Anti-Male? Naseeb
Aug 152009

VIP-FRENCHIEPardon me if I don’t know too well the ways of men and their minds. I like to believe though that I know them fairly well, even one of those mindless Facebook quizzes I took said so! But it is somehow beyond me why men would want a woman in the vicinity of everything they would want to buy.

I am trying to draw up a list here, a very rudimentary one, very off-the-top-of-my-head. Cars and stylish bikes – half naked women draped around them. I can give myself a reason—women, or rather girls, purportedly go out with boys with both or at least one of these. Shaving blades/creams/lotions–I am stretching my imagination here—maybe because women wouldn’t want their dates to look like ruffians with a daylong stubble. Magazines—this is the easy one—nothing else but women looking seductive would probably prompt them to buy those.  And here is the clincher: underwear. Come on now!

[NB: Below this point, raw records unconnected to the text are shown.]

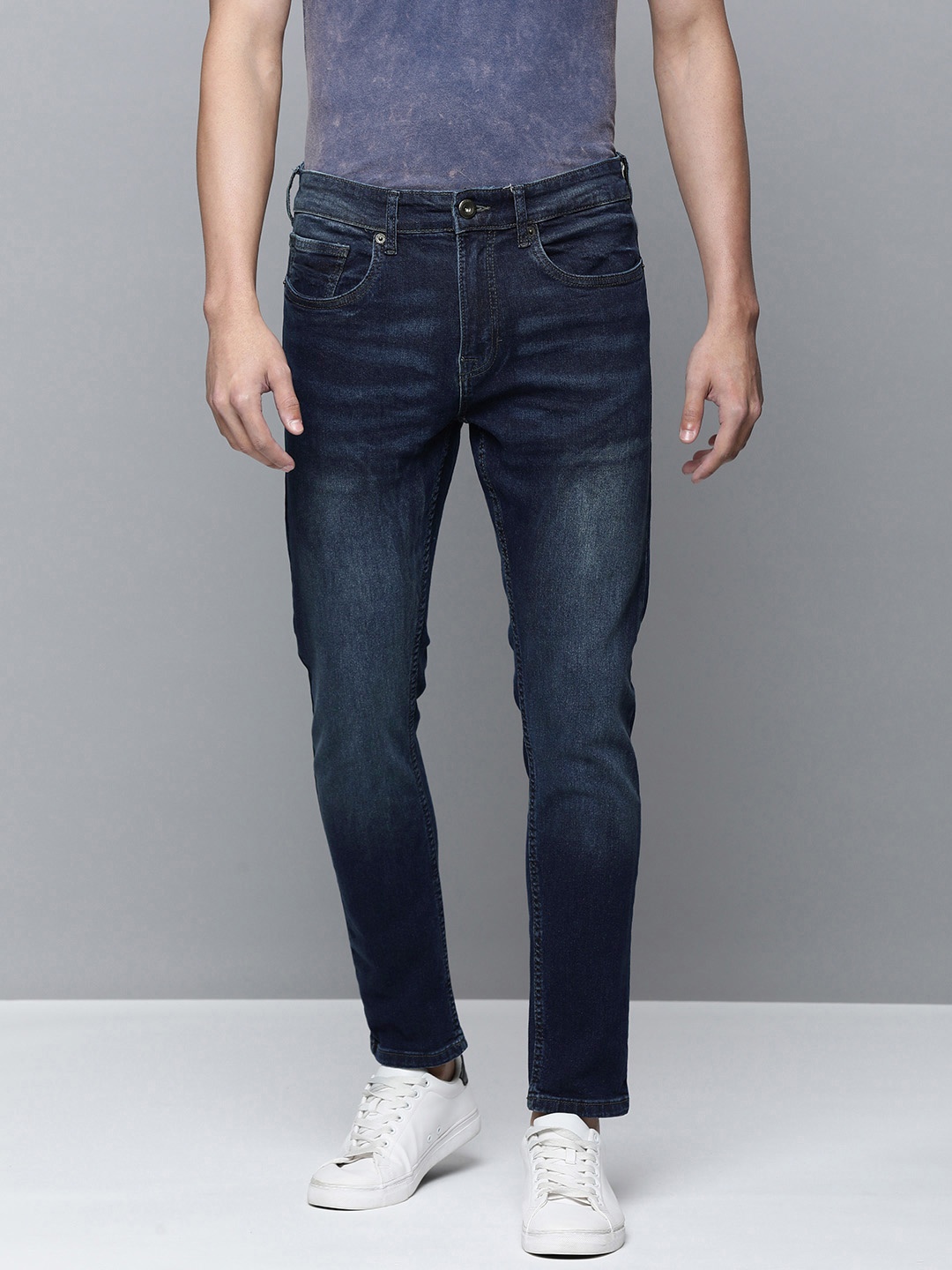 

Flying Machine Men Blue Slim Tapered Fit Mid-Rise Clean Look Light Fade Stretchable Jeans
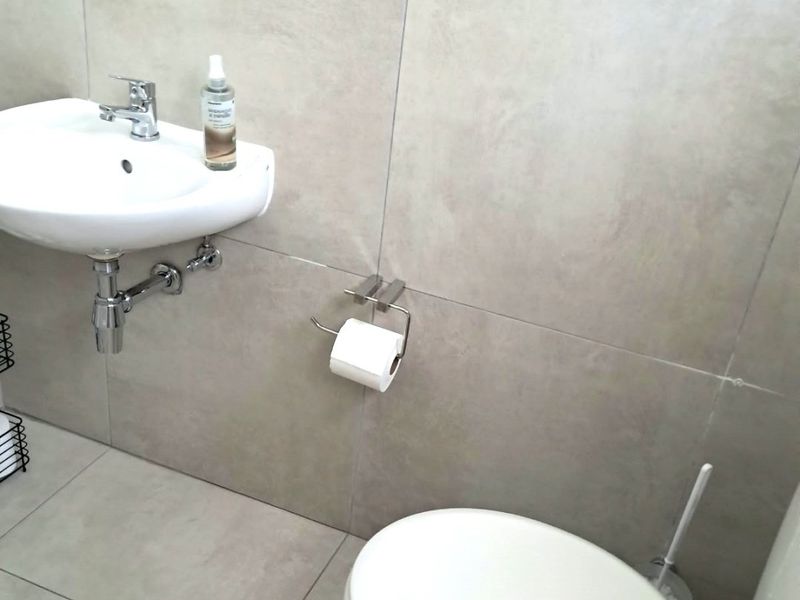 A modern, well-maintained bathroom featuring large format neutral tiling, a wall-mounted basin with chrome fixtures, and a standard toilet.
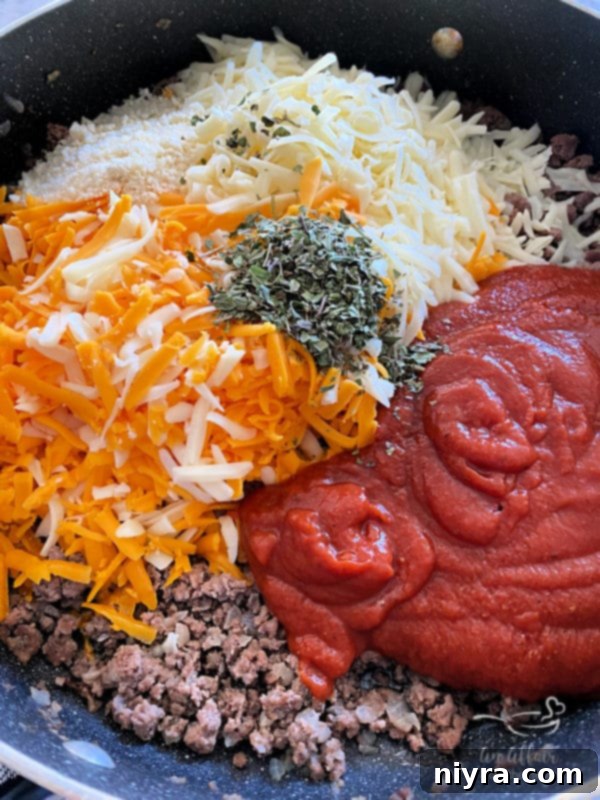 Pizza Burger Melts 4 Ingredients for Open-Faced Pizza Burgers laid out, including ground beef, cheese, and pizza sauce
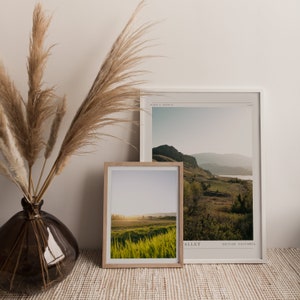 Puede incluir: Dos fotograf&iacute;as de paisajes enmarcadas de un valle verde con monta&ntilde;as en el fondo. La foto superior est&aacute; en un marco blanco y la foto inferior est&aacute; en un marco de madera natural. Ambas fotos est&aacute;n sobre una superficie tejida marr&oacute;n claro.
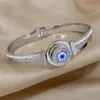 Bracelet des yeux bleus rotatifs en acier inoxydable avec accessoires de strass de luxe pour femmes coiffures bijoux imperméables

The ad agency guys were really serious on this one? I kind of “get” men, but these advertisements have me baffled!

I stopped watching television long ago, about the time over enthusiastic reporters began screaming into the mike—and to the nation—about the breaking news of some starlet breaking up with whatever-was-his-name. But from the long, long ago times when I did watch them channels, I still distinctly remember the Rupa undergarments ad. There is this group of men, desperately trying to look menacing and attacking a girl (I think her dress was red.) Our hero is looking down from a balcony and sees his girl being harassed. He jumps from the balcony, a few dishum-dishums later, he is the hero again and our girl is nestled in his arms. The undergarments figure too, the hero is wearing them when he jumps down from the balcony; those are what give him the courage! I could break into giggles right now at the thought of how ridiculous it was. I am told advertisers look for brand recall and ad recognition when they shoot an ad. If that was all they wanted, I fully recall the brand after all these years, but for reasons other than those intended.

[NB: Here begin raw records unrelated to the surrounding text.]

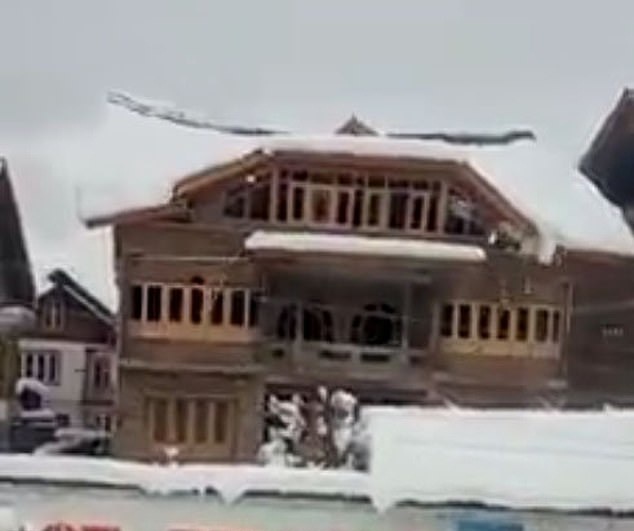 A three-storey house in India collapsed due to heavy snow.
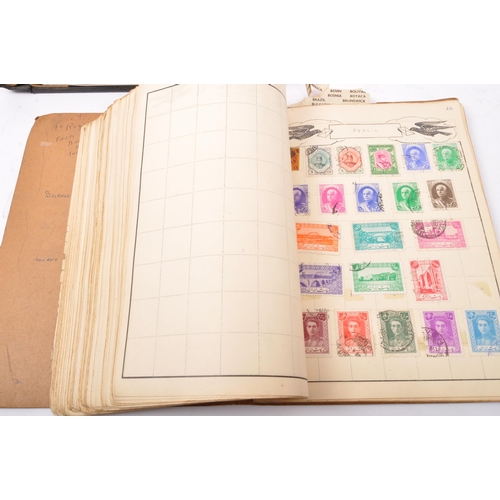 545 - A collection of early 20th century and later British and foreign postage stamps held across five pre... 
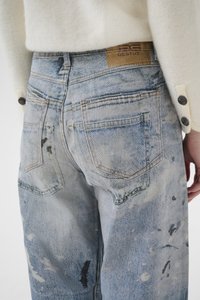 Ανοιχτό μπλε τζιν παντελόνι με ξεθωριασμένη, φθαρμένη όψη, με πολλαπλά σημάδια φθοράς, καφέ λογότυπο και κλασικό σχέδιο με πέντε τσέπες.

Then again, do you remember that other underwear ad where this hot woman is washing her man’s under-clothes and fantasizing, with suggestive gyrating movements? At least that caught the attention of women’s organizations and the ad was withdrawn.

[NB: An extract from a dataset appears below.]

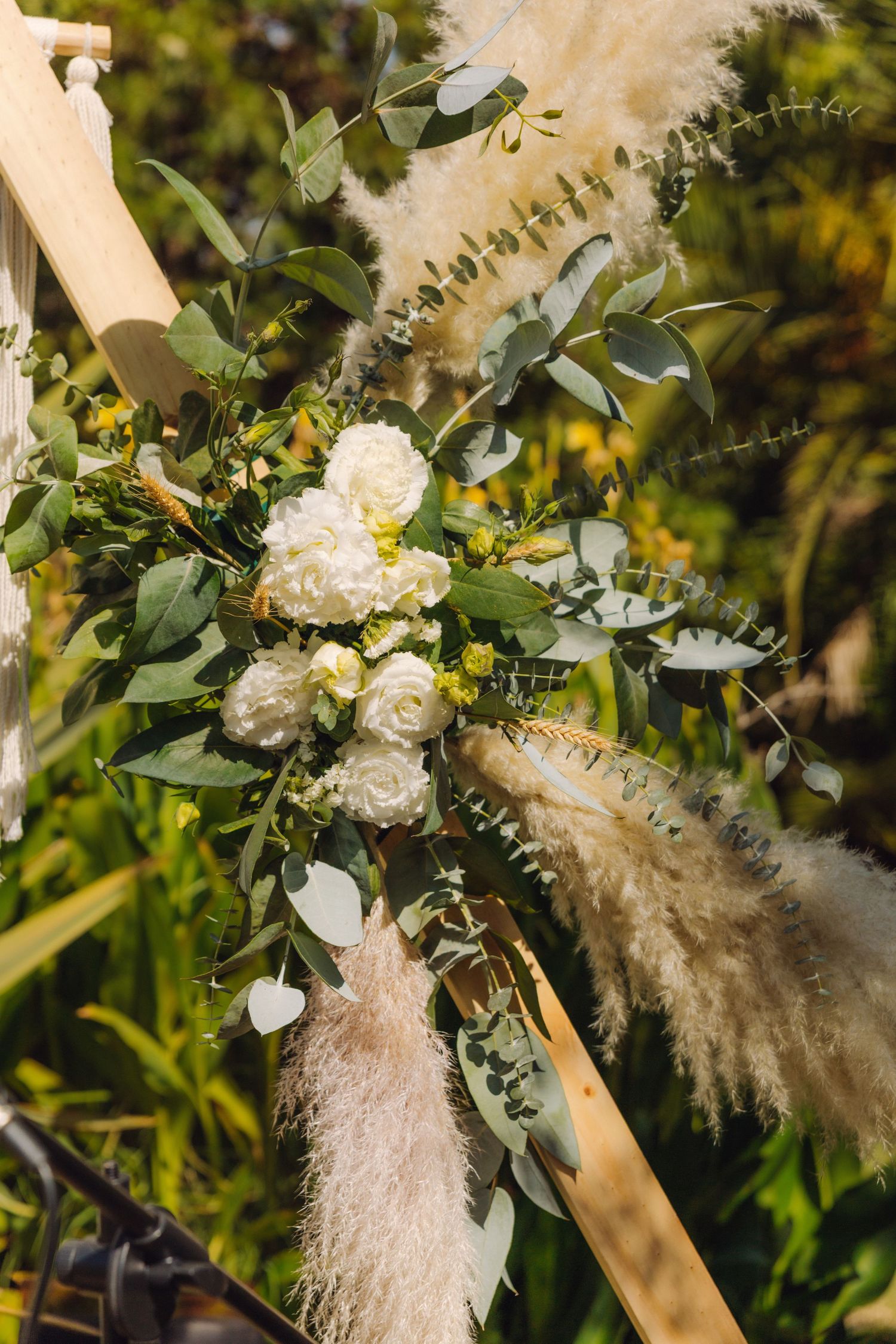 Elegant white roses and eucalyptus floral arrangement with pampas grass decorating a wooden wedding arch.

I asked someone I knew once, a man of course, why they wanted women everywhere. All I got was a look, a how-can-you-ask-a-dumb-question look. Arguments proved futile. They simply wanted women to be there in the foreground. Who cares if they have zilch to do with the product itself? Amusing to me at one end. Which of us would want to see a man selling us face cream or something more private, I wonder?

And then you have those print ads. Those I am forced to see in magazines. Brand recall again: one premier alcohol brand has this sleepy looking girl (seductive look, my dear, I was corrected though) looking on from a bar stool with a little black dress on. Something about nights, the ad was. Do I need to even ask again the relevance?

While I am ranting here about the irrelevance of it all, let me add to my list the portrayal of women in advertisements. If adding them as a prop for men’s products is one thing, boxing them into regressive stereotypes is another. I forget the products, but I am personally tired of seeing the perfect, always smiling mother grinning while she washes her son’s dirty clothes, the others, all typical to some 20 years ago. Sure, we still have these models of mothers and wives, I grant that. But could we also have something more “these days” scenarios please? I would love to see women in less bimbo roles and better clad.

Someone once told me that section 19a of the Constitution grants the freedom to rant and complain and crib (a mere “freedom of expression” seemed too prosaic for this person!). I rant and complain here. I could stand up on a pedestal and start forth a little speech, ranting about the futility of it all. There is even a forum where you can even register your complaints against advertisements that you find objectionable, they will look into it and take suitable action.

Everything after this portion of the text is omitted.